The age at which individuals have their first child has important effects on the health of both the new mother and child, and the child’s social and mental development, and economic standing. For example, after the age of 34, a woman is much more likely to have health issues that complicate pregnancy, as well as difficulty conceiving without the intervention of fertility services.1 Recent research from Indiana University and the Karolinska Institute found that children born to fathers over the age of 45 were three times as likely to have autism and 13 times as likely to have ADHD, and were also more likely to go on to develop substance abuse problems and get lower grades in school.2 However, not all impacts of having children later in life are negative. Against the negative effects listed above are balanced the facts that mature parents often provide a more emotionally stable and economically sound environment for their children, that mature parents report higher psychological satisfaction, and that having children later in life may actually prolong the life of the mother.3
While it must be emphasized that there is no “correct” age at which to have children, it is undeniable that the age of an individual when his or her first child is born have far-reaching effects both for the individual, and for his or her child. There are many possible reasons why people may delay having their first child, such as a lack of job security, or a desire to invest in the time to explore their own lives, or to prioritize education, or career and income security. Another possible influencer may be the the educational level of the individuals’ parents, which has been shown to be an important predictor of behavioural outcomes.4 In this analysis, individuals’ maternal educational level, and the age at which that individual had his or her first child are examined to determine whether or not there exists a relationship between the two.

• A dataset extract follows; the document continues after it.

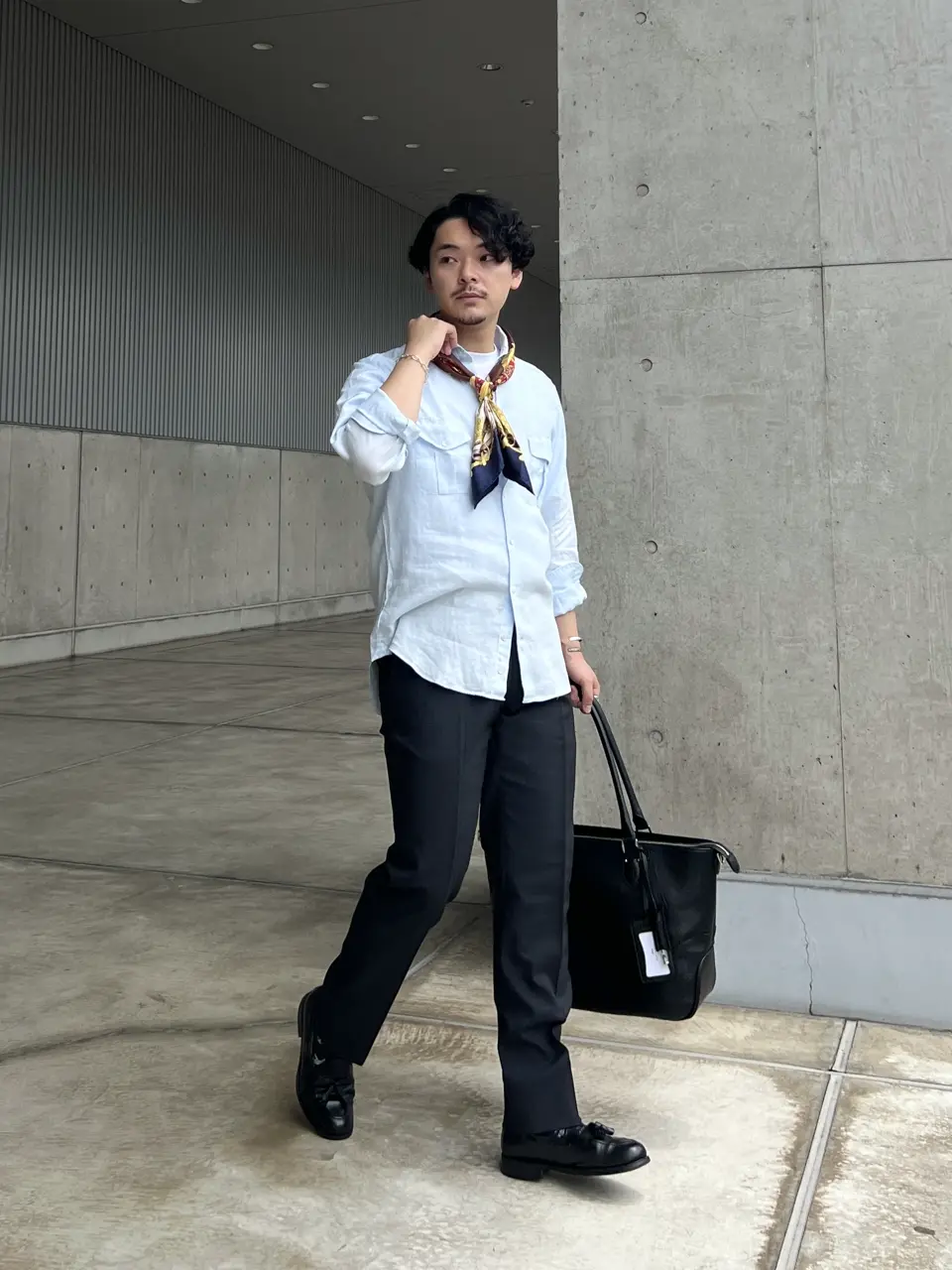 GOTAIRIKU 竹林 コーディネート画像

The focus on maternal educational level is important because it is a relatively new phenomenon. As recently as forty years ago, the numbers of women enrolled in higher education was marginal; over the last forty years, however, there has been unprecedented growth in women’s enrollment at institutions of higher education, and the number of female students in tertiary institutions has grown almost twice as fast as that of men since 1970.5 If there does exist a relationship between maternal educational level and the age at which someone has their first child, particularly if this age increases with maternal education, it is reasonable to expect that delaying having children will become normative, which may be of importance for educators and healthcare providers.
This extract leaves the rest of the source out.